Tale #1: August 1997
My fever had set in fiercely as we awaited our plane trip the evening before. We were traveling from Nairobi to Kampala and the sickness from my newly discovered pregnancy was intensifying at an alarming rate. Maybe this wasn’t just my pregnancy?
I could not hold my head up as we waited to board, so I rested against Jeff’s shoulder and managed just enough energy to move to the plane when the time came. The one hour flight went quickly as I slept on Jeff's shoulder and by the time we landed, Jeff could feel the heat from my forehead through his shirt. We were both very concerned.
I took Tylenol and we made our way to our friend’s home where we would stay for the night. My fever rose and my misery magnified over the long hours of that one evening. Jeff got up early the next morning to take me to a doctor. I could not stand so he helped me get dressed and moved the truck as close to the front door as he could. Just as we were about to leave, Jan and Jana arrived. They had stopped by the house to pick something up, and were so sad to hear that I was ill. They came back to the bedroom where I lay fevered and shaking on the bed. Jan stood at my feet and laid her hand on my ankles as the tears slowly poured from my eyes.

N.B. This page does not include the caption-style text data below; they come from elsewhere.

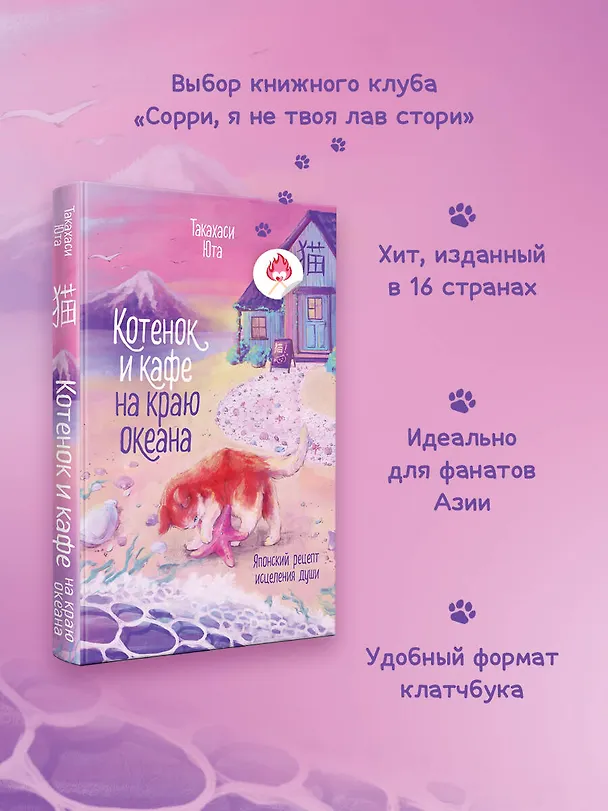 Книга Котенок и кафе на краю океана (Юта Такахаси) — 8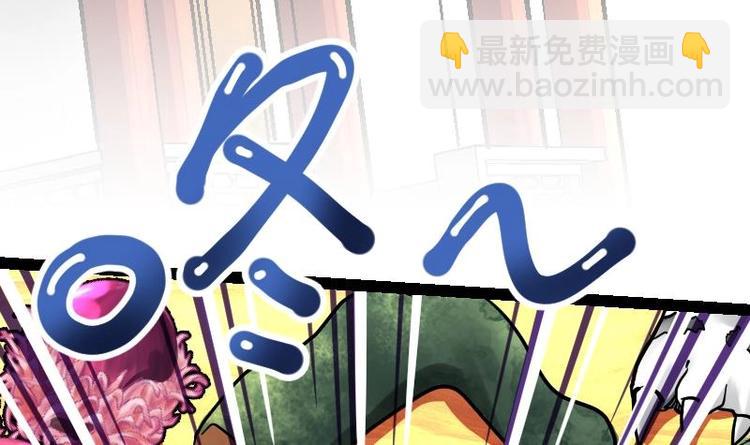 第28话 一百三十八贡献点！(1/2)-第28话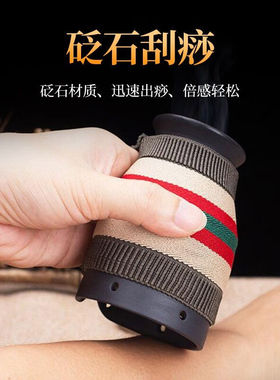 道禾（DOHOPE）紫砂艾灸罐配艾柱手持刮痧热敷艾灸盒防烫温灸家用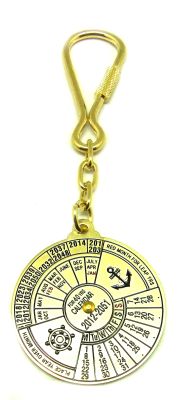 Llavero Calendario Perpetuo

I was so scared. And so very sick.
Jana held my hand and Jan started to pray:
“God protect this baby.”
“We ask for your peace. For your presence. For your help.”
She moved in closer and lay her hand on my abdomen. Jana’s hand moved there too.

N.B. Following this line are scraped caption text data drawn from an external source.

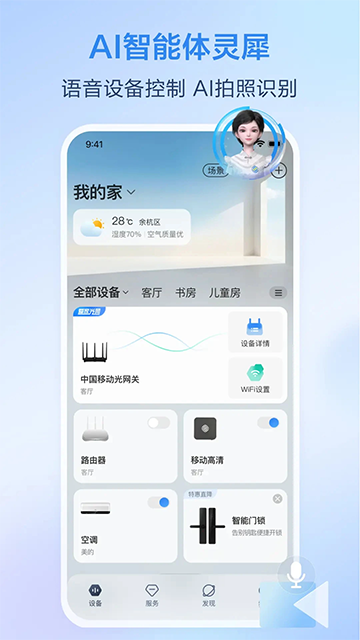 移动爱家截图4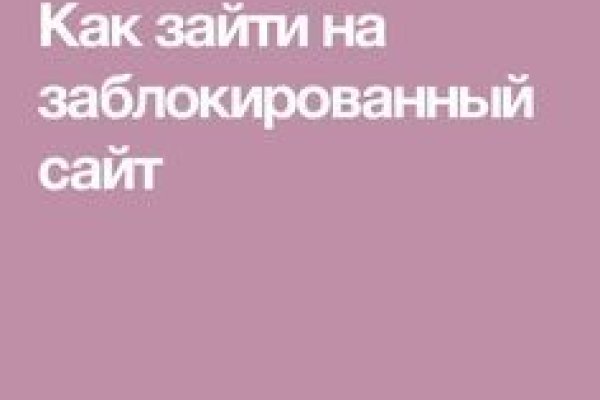 Кракен зеркало onion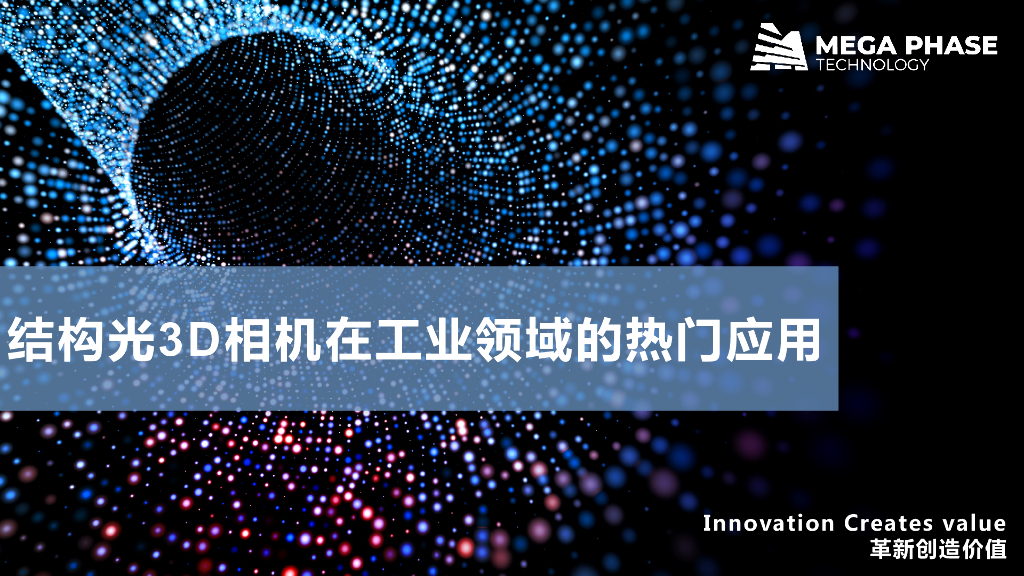结构光3D相机在工业领域的热门应用-上海盛相工业检测科技有限公司 葛腾菲女士
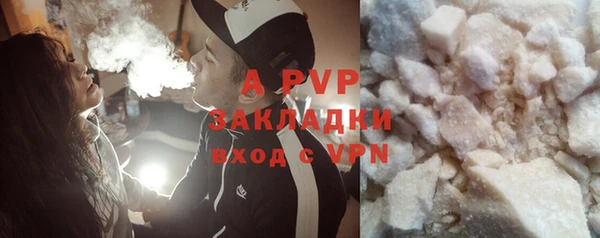 кокаин VHQ Куйбышев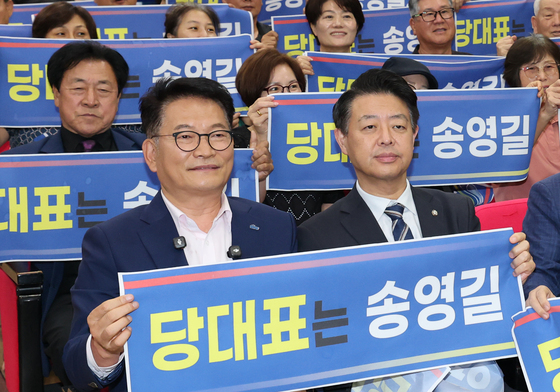 송영길 후보, 대전서 타운홀미팅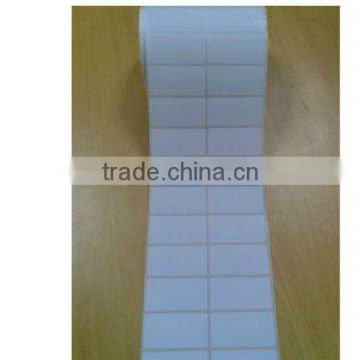 printable high quality packaging barcode labels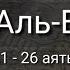 Выучите Коран наизусть Каждый аят по 10 раз Сура 56 Аль Вакиа 21 26 аяты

“Keep this heart beating for you, Jesus. Keep this heart beating. Heal and help. We trust you.”
She then kissed my forehead.
I tested positive for malaria just one hour later.
“Keep this heart beating for you, Jesus.” I must have repeated that phrase over and over a thousand times in the fevered fog of the days that would follow. It was all I could think. A hope I desperately held on to.
Months later, just after Kinley’s safe arrival into the world, we worshiped at Kampala church of Christ. Jan took pictures of the day as our Kampala family passed Kinley around with joy. As I watched the celebration swirl around me, I felt Jan approach and hug me quietly while whispering in my ear: “Just look what God did for us, Cheryl! Just look!”
I have a very strong feeling that I will hear those exact words again when we all meet again around God’s throne.
Tale #2: Sometime in 2002-2003
It was just the two of us.
Jeff had gone to complete some necessary errands in town and I had finally settled three children down for afternoon naps. The house was very quiet. Jan was housesitting for her daughter and son-in-law who were away on furlough and we were houseguests of the houseguest for a few nights in Kampala. As I sat down in the sitting room, she quietly smiled in my direction.
“You are doing a good job, you know.”
I glanced her way, immediately thirsty for this encouragement in a way I hadn’t even acknowledged.
“You are. You and Jeff both. You are raising beautiful children and you are good at what you do.”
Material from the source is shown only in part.